The trace ID is the shared thread. A metric can reference a trace ID through an exemplar. A log record can carry the trace ID and span ID of the operation that produced it. A span already has its trace ID. With this shared identifier, you can navigate from an alert to a request to an error message – across all three signals.
Correlation between logs and traces can be automatic. An OpenTelemetry log appender injects the active trace ID and span ID into every log record emitted during a traced operation.
Once injected, every log line is navigable: find a log, jump to its trace. View a span, see every log it produced. The signals stop being separate databases and become one connected record.
before: 14:32:01 ERROR "Connection pool exhausted"
after: 14:32:01 ERROR "Connection pool exhausted"
trace_id = 4bf92f3577b34da6
span_id = 00f067aa0ba902b7
25. Exemplars
Metrics aggregate – that is their strength. A histogram can show that some requests took over one second, but not which ones.
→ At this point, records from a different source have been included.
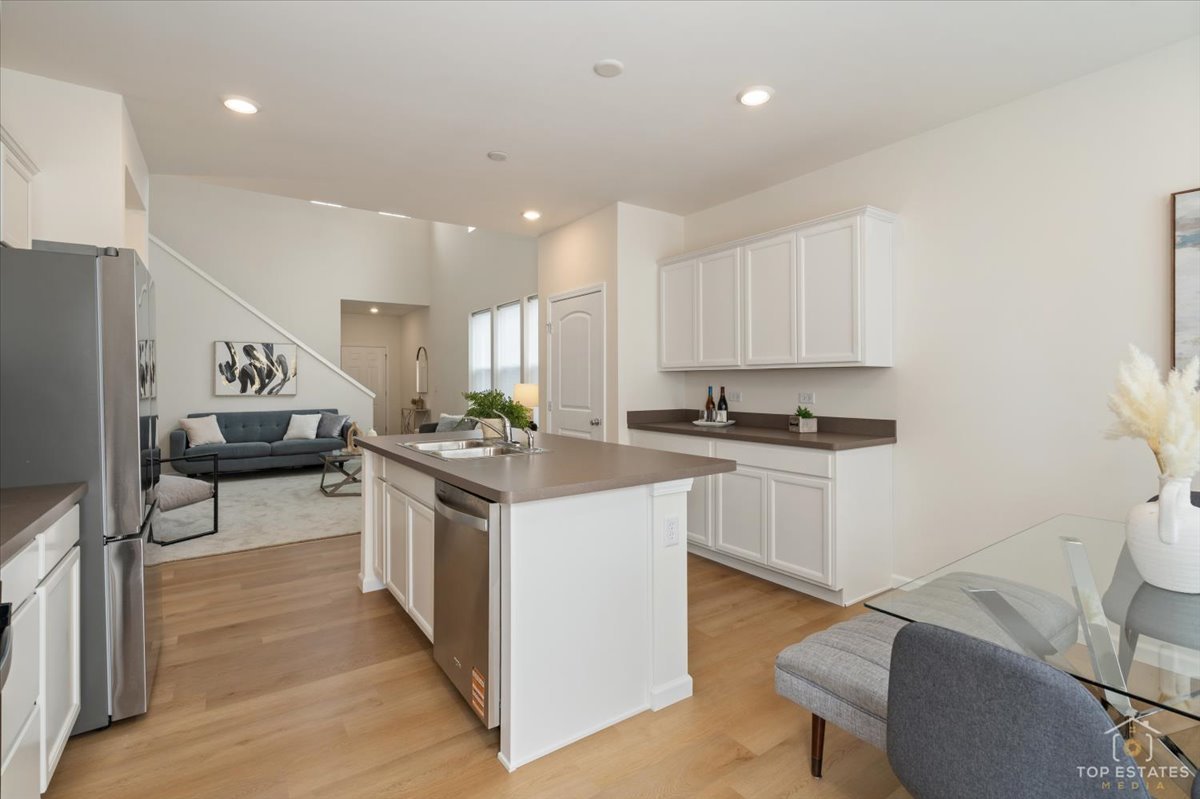 2739 Lawlor Lane, Naperville, IL 60564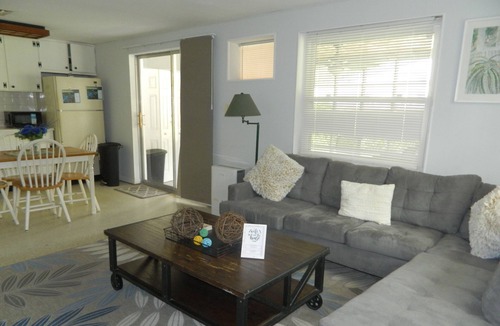 Homosassa House | Florida springs minutes from you@Chassdoorway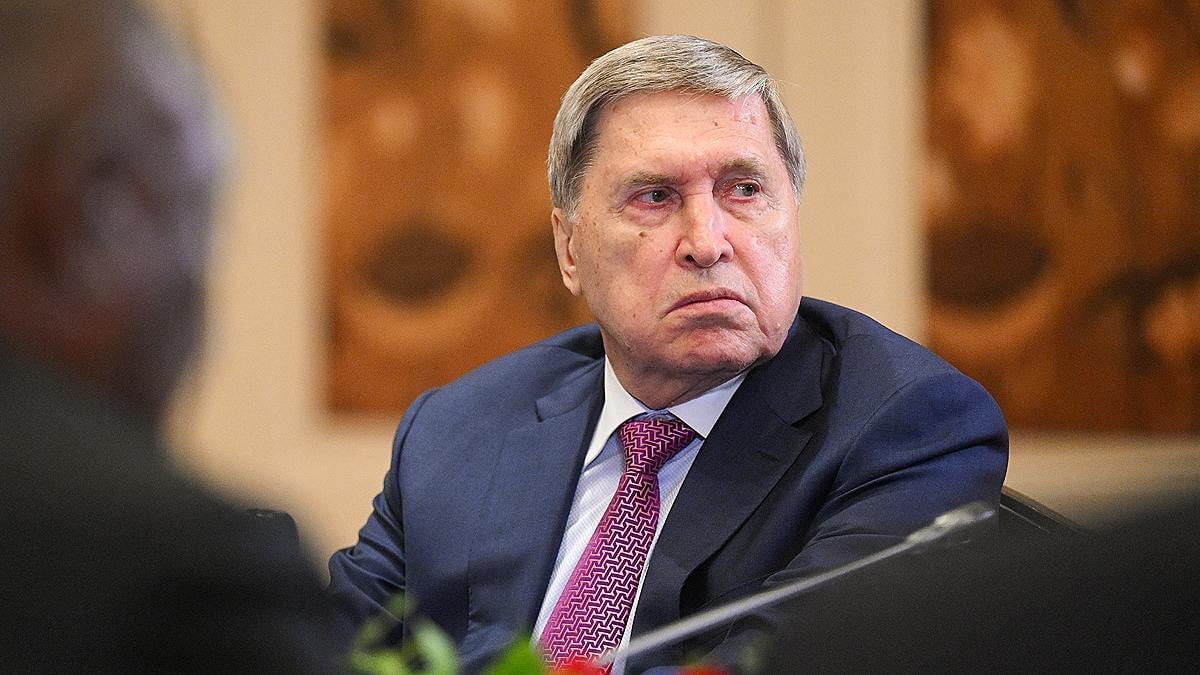 Юрий Ушаков выступает с заявлением о переговорах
An exemplar is a link from a metric data point to the specific trace that produced it. The metric says "something was slow." The exemplar says "here is one of the slow requests – follow this trace ID to see exactly what happened."
26. Service Maps
Nobody maintains an architecture diagram by hand. The traces maintain it for you.
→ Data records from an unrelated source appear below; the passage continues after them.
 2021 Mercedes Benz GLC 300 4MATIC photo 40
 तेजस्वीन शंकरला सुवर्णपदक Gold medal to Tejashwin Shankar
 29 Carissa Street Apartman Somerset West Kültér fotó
Every span records which service made a call and which service received it. Analyze enough traces and you get a live service map: a topology of your system showing which services exist, how they connect, and where the dependencies run. It is always current because it is drawn from real traffic.
Operations
27. Resource Detectors
Resource detectors run at startup and automatically discover the attributes that describe the environment: host name, cloud provider, Kubernetes namespace, OS type, container ID.
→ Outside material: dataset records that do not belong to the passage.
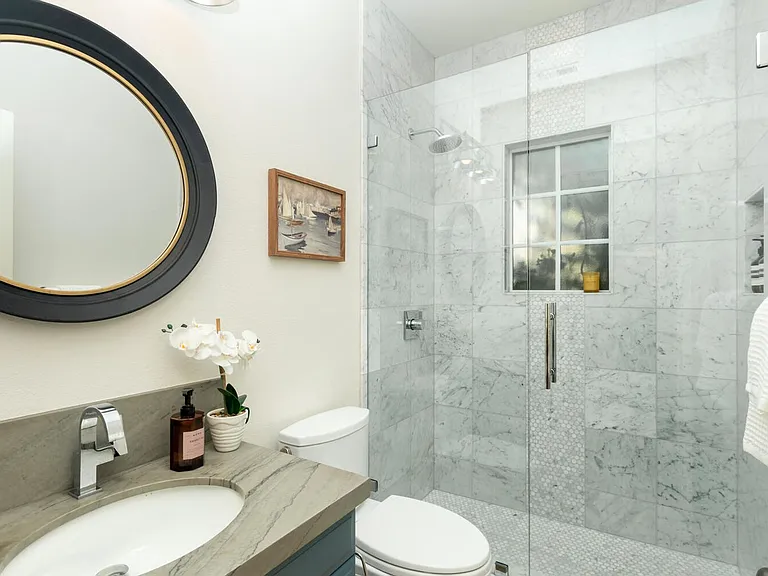 409 N Cedros Ave — Photo 12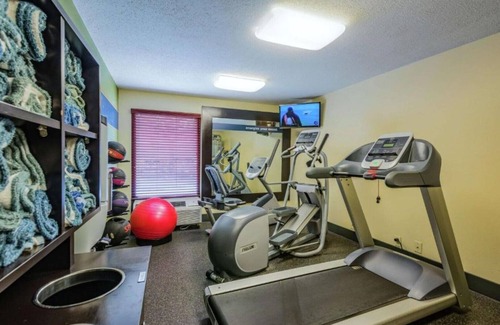 Westshore House | TPA airport hotel with free shuttle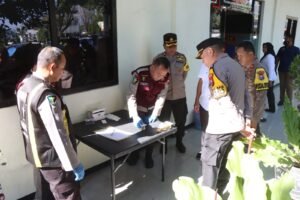 Polres Bondowoso Laksanakan Test Urine Setiap Personel, Upaya Penguatan Pengawasan Internal.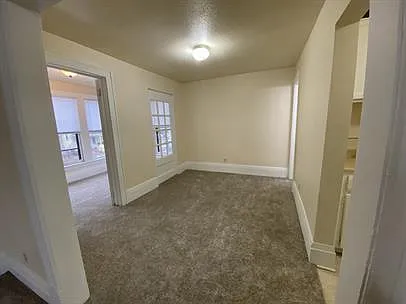 658 Hague Ave — Photo 4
The only resource attribute that teams typically set by hand is service.name. Everything else – where the code is running, on what hardware, in which region – can be detected from the runtime environment.
service.name = checkout-svc ← set by you
cloud.provider = aws ← detected
cloud.region = us-east-1 ← detected
k8s.namespace = production ← detected
host.type = m5.xlarge ← detected
container.id = a1b2c3d4e5f6 ← detected
28. Collector Transforms
The Collector can reshape telemetry in flight without redeploying any application. Its transform processor modifies data as it passes through a pipeline:
Delete attributes
Strip email addresses or user names before data leaves your infrastructure.
Add attributes
Tag all telemetry with a region or team name.
Filter spans
Drop health-check noise that adds volume without insight.
Rename attributes
Normalize names to match semantic conventions without changing application code.
29. The Full Picture
Real incidents require all three signals working together.
A metric triggers the alert: error rate spiked at 14:32. A trace narrows the scope: the payment service is timing out on calls to the database. A log explains why: "connection pool exhausted – max connections reached."
No single signal is sufficient. Metrics establish when and what. Traces pinpoint where. Logs reveal why. Correlation lets you move between them. Together, they reach root cause.
1. metric error_rate > 5% alert fires at 14:32
↓
2. trace checkout → payment → db payment: 3200ms timeout
↓
3. log "connection pool exhausted: max connections reached"
↓
root cause: database connection limit needs increasing
30. Profiling
Traces show where time is spent across services. Profiling shows where time is spent inside a single service – at the function level – by capturing the actual stack frames executing on the CPU.
OpenTelemetry's profiling signal links profiles to traces through span context. A slow span does not just tell you the operation took 700ms; it connects to a flamegraph showing which functions consumed that time.